Given this sort of bias and zero effort on self-experimenters’ part to counter it, yes, you absolutely could do far worse than random by sampling 1000 self-experimenters compared to 1000 clinical trial participants! This is especially true for highly variable stuff like sleep, where you can spot any trend you like in all the noise—compare the dramatic confident anecdotes collected by Seth Roberts about vitamin D at night based on purely subjective retrospective recall of <10 nights to my actual relatively moderate findings based on 40 nights of Zeo data.
(I actually have a little demonstration that someone is engaging in considerable confirmation bias, but I’m not done yet. I should be able to post the result in early May.)
I don’t necessarily disagree with you on any of this. Looks to me like we are talking past each other a little bit.
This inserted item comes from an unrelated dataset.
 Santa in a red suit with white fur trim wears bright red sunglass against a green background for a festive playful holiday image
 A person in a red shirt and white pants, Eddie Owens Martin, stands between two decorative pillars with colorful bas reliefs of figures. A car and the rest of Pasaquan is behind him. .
Something about your rough model disagrees with me (in addition to the stuff in gwern’s comment). Tentatively I’d put my finger on strategies like your hypothetical strategy A being rarer than they look. I think it’s uncommon for a prospective lifestyle change to simultaneously
have a much better chance than 50% of being worth implementing...
...yet not obviously be a good idea a priori
be something you’re not already doing
be easy for you and/or friends to test/implement
be non-obvious enough that published research on it doesn’t already exist
(Edited to add “be” to bullet point 2.)
Well obviously you have to decide on a case-by-case basis whether Real Science is necessary, but the butter mind thing is looking pretty good:
http://quantifiedself.com/2011/01/results-of-the-buttermind-experiment/
Would you wait for a real study before trying this?
http://lesswrong.com/lw/ba6/alternate_card_types_for_anki/
W. T. F! ?
A half stick of butter every day makes you smarter—and in contrast to an equivalent amount of other saturated fats? That’s really rather surprising. I would like to see more research on that. Because it is kind of awesome.
To be sure. I don’t think my line of argument should shut the door on self-experimentation. I’d just focus on low-risk, low-effort interventions as candidates. (Otherwise I’m likely to end up with more high-risk/high-effort false positives than I’d like.)
So it is! When I saw the original Seth Roberts blog post my reaction was to write it off as a probable fluke. The fact that it seems to replicate in a randomized trial with n = 45 makes me much more interested, especially as the relative speed-up from the butter remained at about 5% (suggesting Seth’s original result wasn’t just a high/low outlier). I’d have chosen a different experimental design, and I’ll have to take a look at the raw data to convince myself of the analysis, but it seems promising.
As for the Anki thing, I probably wouldn’t wait! It’s the sort of low-effort, low-risk intervention that’s best for self-experimentation.